Ausgangssituation: Seit 2016 herrscht in Burkina Faso eine Sicherheitskrise. Sie hat zu einer massiven Fluchtbewegung innerhalb des Landes geführt. Im Frühjahr 2023 zählte das Land mehr als zwei Millionen Binnenvertriebene, davon lebt fast ein Viertel in der Region Centre-Nord. Mehr als die Hälfte von ihnen sind Frauen, Mädchen und Kinder. Die aufnehmenden Gemeinden haben zunehmend Schwierigkeiten, den Zuzug von Binnenvertriebenen zu bewältigen. Die Situation überfordert die Verwaltungen sowie sozialen Einrichtungen und gefährdet den sozialen Frieden genauso wie die wirtschaftliche Erholung der Region.

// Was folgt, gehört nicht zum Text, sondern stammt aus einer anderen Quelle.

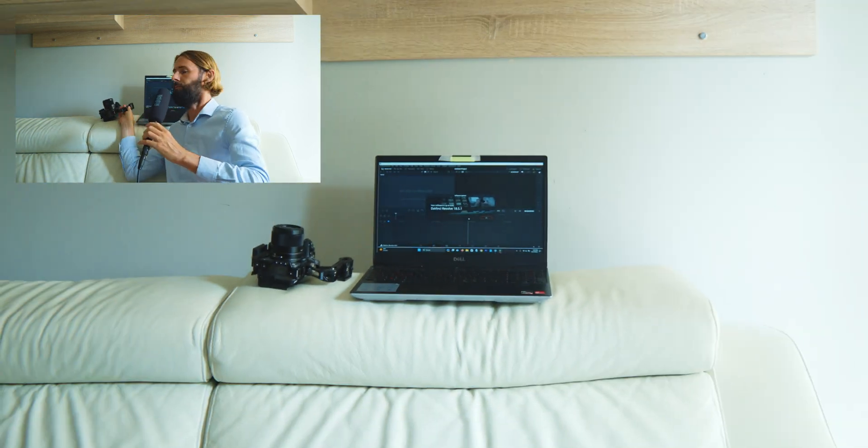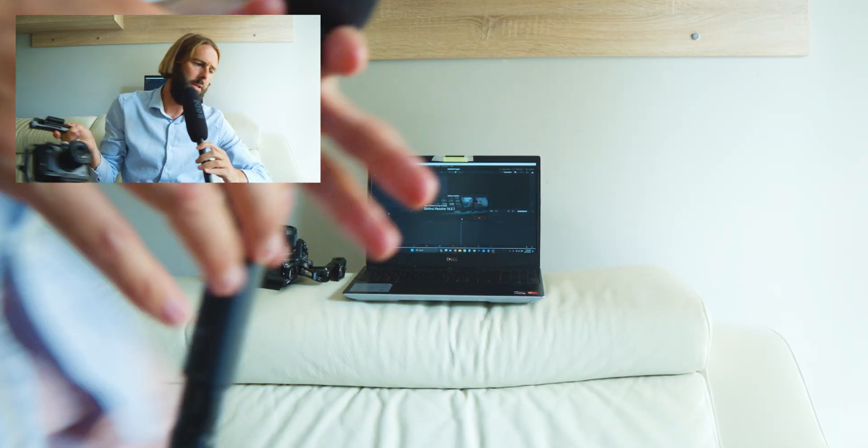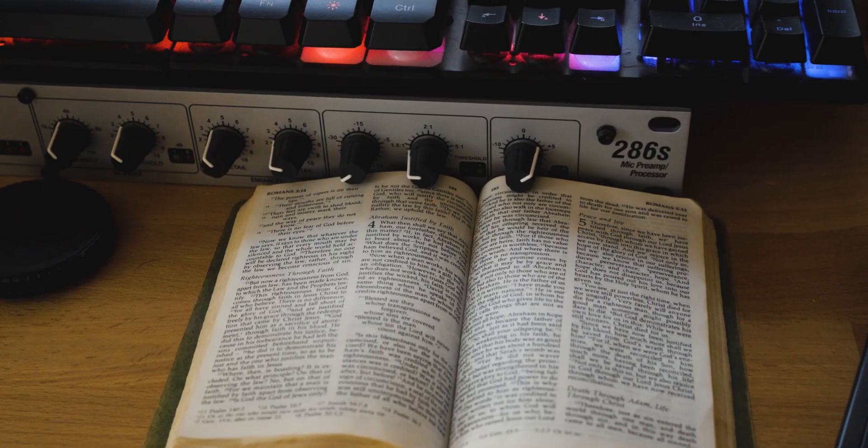Hello friends, welcome to this video. I hope that it finds you well. Normally I put spiritual related content about Jesus on this channel.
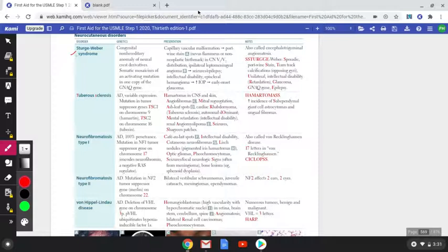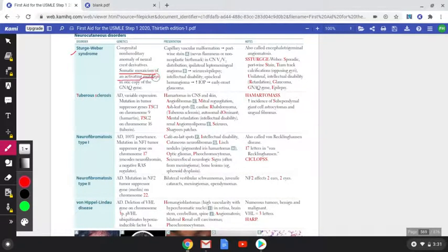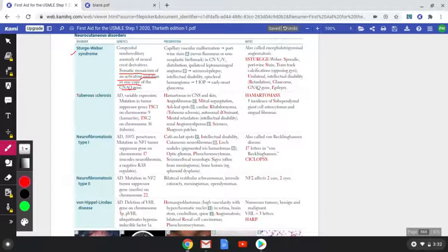Sturge-Weber syndrome occurs due to a congenital non-hereditary anomaly of neural crest derivatives, and it occurs due to a somatic mosaicism of an activating mutation in one copy of the GNAQ gene. Somatic mosaicism is basically a post-zygotic mutation which occurs after a zygote has already formed. So you have to remember four things: somatic mosaicism, activating mutation, one copy, GNAQ gene.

Ziel: Die Lebensbedingungen von Binnenvertriebenen und schutzbedürftigen Bevölkerungsgruppen, die in bestimmten Aufnahmegemeinden der Region Centre-Nord leben, sind verbessert. Vorgehensweise: Das Projekt fördert die soziale und schulische Integration von vertriebenen Schulkindern. Lehrkräfte, Schulleitungen und Sozialarbeitende werden geschult und beraten, wie sie Binnenvertriebene stärker integrieren können. Darüber hinaus verbessert es, dass wichtige soziale Dienstleistungen für Binnenvertriebene und arme Bevölkerungsgruppen in den Aufnahmegemeinden zu Verfügung stehen. Die Gemeindeverwaltungen erhalten Schulungen, um den Menschen bedürfnisgerechte Angebote bereitzustellen. Gleichzeitig werden die Gemeinden beraten, um Austauschmöglichkeiten zwischen Binnenvertriebenen und der Aufnahmebevölkerung zu schaffen. Dies soll den sozialen Zusammenhalt fördern. Für das gleiche Ziel unterstützt das Projekt Sozialdienste, lokale Medien und weitere Organisationen vor Ort beim Aufbau von Initiativen, die ebenfalls den Dialog und das Verständnis zwischen Geflüchteten und der aufnehmenden Bevölkerung ausbauen. Mithilfe des Projekts soll auch die Wirtschaft der Region wachsen: Geflüchtete und die Bevölkerung erhalten Unterstützung für Geschäftsgründungen. Verbände, Agenturen und Initiativen, die an der wirtschaftlichen Entwicklung der Region arbeiten, erhalten eine Beratung.